Thanks Dude! Sorry for the delay in getting back up here. I'm glad to see you had as much fun as I did writing it. :smile:

Q: Lord Nibboray: Cool name, and an interesting character. He hasn't been mentioned anywhere previously has he? I would love to hear more about him.

A: Yup, new guy. I wanted to flesh out the council a bit more, so having Mr Bad-Boy-Council-Head-Honcho for starters seemed almost a must. This one can be developed as a recurring bad guy, and a growing nuisance for Eriadna. He's no doubt the first in line among the opposition to the present imperial dynasty.

Q: Potion of Aranea Ichor: I wasn't aware that Aranea had trouble distinguishing between personalities when shape changing. Was that mentioned in the Herath article? Been a while since I read it. The potion having this effect was quite an interesting touch in any case.
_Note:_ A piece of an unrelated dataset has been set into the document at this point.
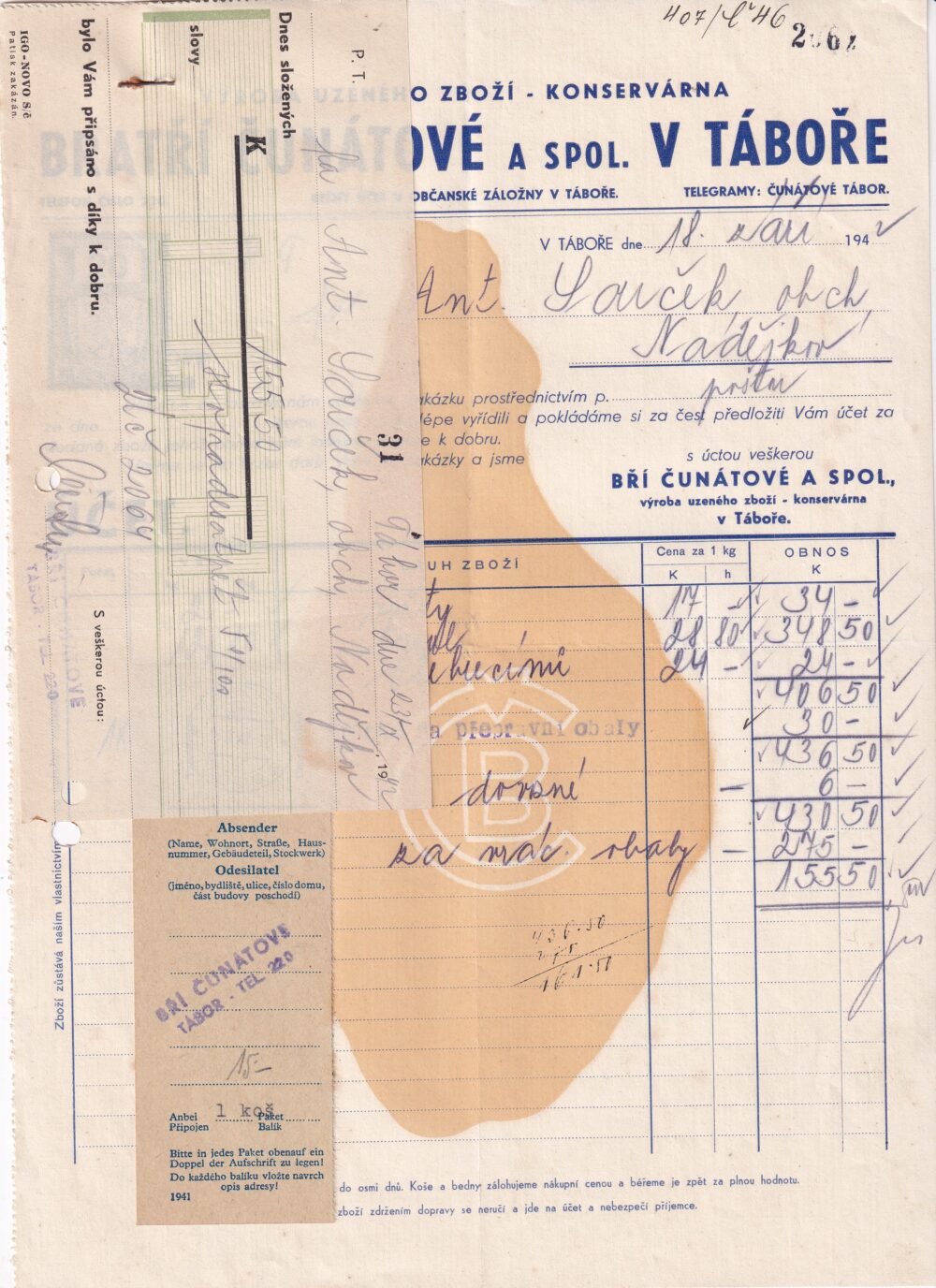 Hlavičkový účet Uzené zboží, Bratří Čunátové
A: IIRC that's the way I had designed them originally. An aranea is supposed to "become" the person into whom it shape shifts. As a result, its previous personality tends to get a bit fuzzy in its mind, especially while in a form that is alien to its natural state. The reason for this is to make it much harder to detect. Originally, araneas created specific alter egos to
dwell among other races without raising suspicion. They don't normally do what doppelgangers do -- imitate an actual person. This is where the potion deviates from the natural Herathian ability. It's been tinkered with by someone capable of getting components like aranean ichor, doppelganger spine, smoke, mirrors, and garlic (for flavour).

Q: Queen Eriadna: Now this was a surprise. It seems like Bruce is hinting at some parts of WotI that we haven't known about so far at the end there. What exactly is Eriadna's plan? What does it have to do with Alphatia's fate in the Hollow World? Could it hail a return of Alphatia at a later point? This could also explain why magically aged Alphatians died during WotI while they shouldn't normally have. The fact that Ar survived WotI was also hinted at, which is interesting.
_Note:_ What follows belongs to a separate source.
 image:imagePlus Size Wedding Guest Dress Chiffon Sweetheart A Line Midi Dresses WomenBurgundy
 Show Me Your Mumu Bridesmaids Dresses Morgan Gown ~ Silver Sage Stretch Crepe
A: Well, there's a part I haven't explained as clearly as I wanted -- Eriadna plans to prevent Alphatia's relocation to the Hollow World (thus the anti-magic conspiracy). That's the specific part she tries to fight against. Whether magic ceases to function in the empire for some time (as a result of her spell or the artifact's catastrophe) remains irrelevant in the long term. Sure, it'll hurt for a while, but Alphatia can recover. Eriadna's next goal is to devise solutions to the permanent magical drain. She does want that artifact obliterated and will stop at nothing to achieve this goal. Will she succeed? That's up to you. Her enchantment could also fail entirely. It could instead throw a major monkey wrench in the way the artifact "malfunctions" and provoke other unexpected effects. And if you want to twist the story further, she might indeed endeavour to remove Alphatia from the surface as a means to protect it from the artifact's devastation -- however this seems like jumping into the wolf's mouth. Besides, many Immortals would probably support this latest development upon discovering Eriadna's plan. So, this is wide open. I clearly did not what to rewrite what was what already published.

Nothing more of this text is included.